*** DATA SHOWN Section Begins ***

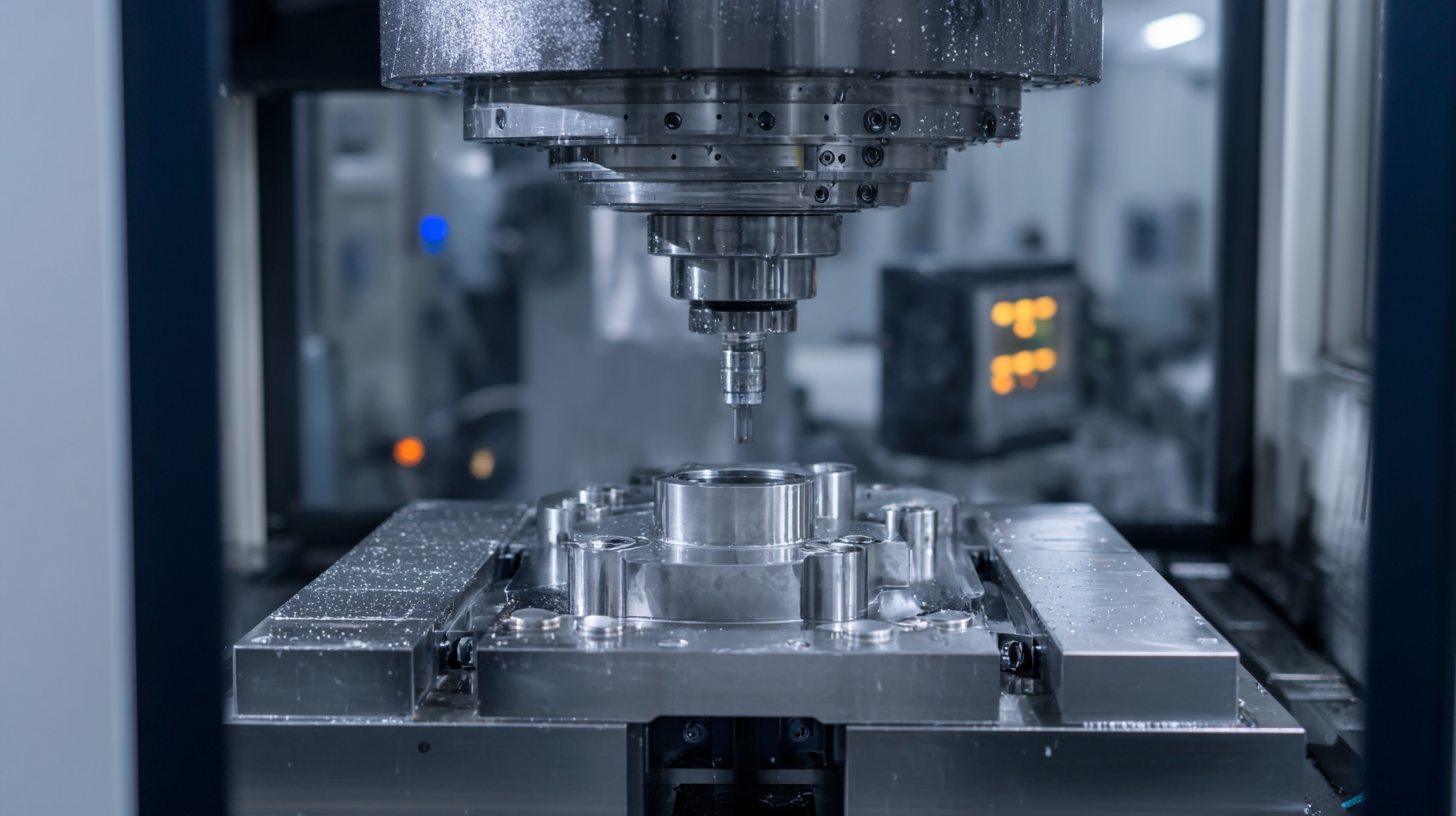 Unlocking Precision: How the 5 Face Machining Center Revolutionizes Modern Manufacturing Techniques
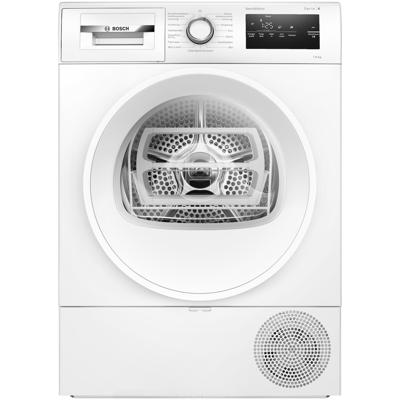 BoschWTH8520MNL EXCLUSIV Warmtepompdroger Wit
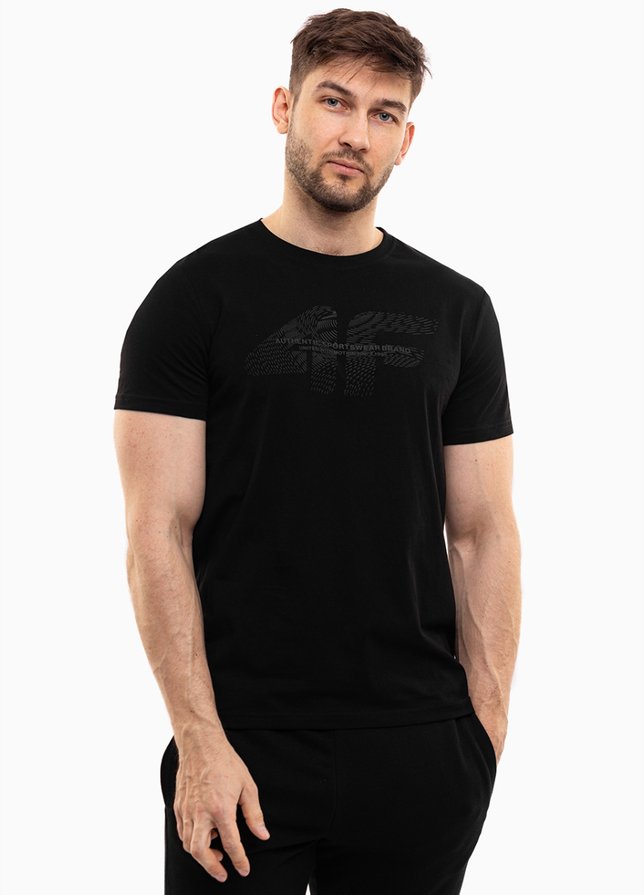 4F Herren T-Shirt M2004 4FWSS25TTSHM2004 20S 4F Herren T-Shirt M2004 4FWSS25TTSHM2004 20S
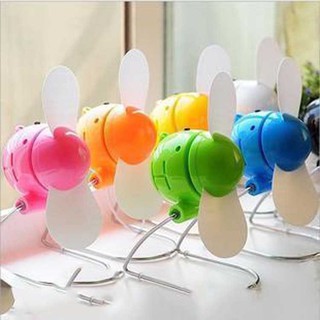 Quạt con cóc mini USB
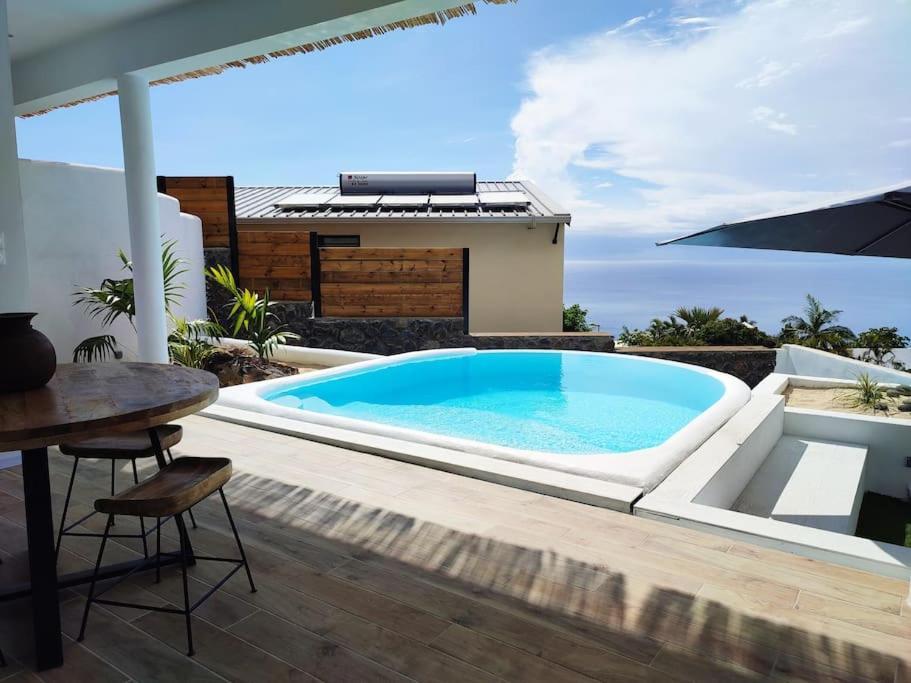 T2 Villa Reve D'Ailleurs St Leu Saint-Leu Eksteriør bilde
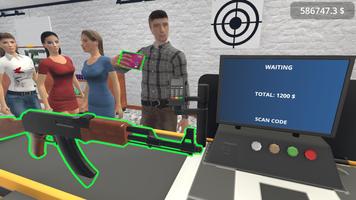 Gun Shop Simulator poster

*** DATA SHOWN Section Ends ***

WHAT YOU WILL DO: Omit the pictures and print again exactly the lines from the one with "T2 Villa Reve" through the final line of the entries, both ends included.

RESULT FOR THIS TASK:
 T2 Villa Reve D'Ailleurs St Leu Saint-Leu Eksteriør bilde
 Gun Shop Simulator poster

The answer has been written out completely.